Esses são os principais aspectos a serem considerados no estudo dos referidos folhetos do
cordelista destacado nesta proposta. Entretanto, cabe ao professor, como mediador e motivador
das atividades propostas, adequar e (re)criar suas próprias questões sobre os textos de acordo com
objetivos a serem alcançados.
CONSIDERAÇÕES FINAIS
Como afirmado ao longo deste trabalho, acredita-se que o cordel se configura como
um excelente objeto de estudo em sala de aula, pois está em constante mudança, adaptando-
se conforme as necessidades de cada período. Recria-se a história advinda do passado com
uma aparência contemporânea, mas, nela permanece a voz ancestral, rastros-resíduos, como
afirma Glissant (2005), recriados com uma configuração diferente nesse processo de
oralidade e escrita que permeia o cordel.
Essa renovação está aqui presente, pois apresenta-se uma proposta de atividade em que
os/as discentes se tornam criadores/as de releituras imbricadas com o passado: por mais que
sejam reescritas, existirão rastros/resíduos de uma história, de uma memória que não se pode
desprender.
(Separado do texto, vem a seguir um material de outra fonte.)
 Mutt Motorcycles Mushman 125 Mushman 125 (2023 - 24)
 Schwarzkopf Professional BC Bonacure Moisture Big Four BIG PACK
A Literatura de cordel, com suas especificidades, fornece condições para que sejam
trabalhadas questões identitárias, afirmando-se, positivamente, a cultura nordestina e brasileira.
Almeja-se, por fim, que esse processo de leitura, releitura, interpretação e
compreensão seja capaz de desenvolver a performance de leitores críticos. Leitores que
discutam, exercitem o pensamento, argumentem através das discussões em grupo e
socializem suas conclusões, no ambiente escolar, para a construção de um aprendizado
dinâmico e constante de transformação do ser.
Ademais, esta proposta de trabalho pretende incentivar e encantar os/as estudantes e,
sobretudo, garantir a leitura literária na escola, e, por consequência, desenvolver a criticidade
e criatividade dos/das educandos/as. Isso porque acredita-se que a literatura, entre outros
aspectos, humaniza através da prática no exercício da alteridade e, portanto, do
reconhecimento e respeito à diversidade.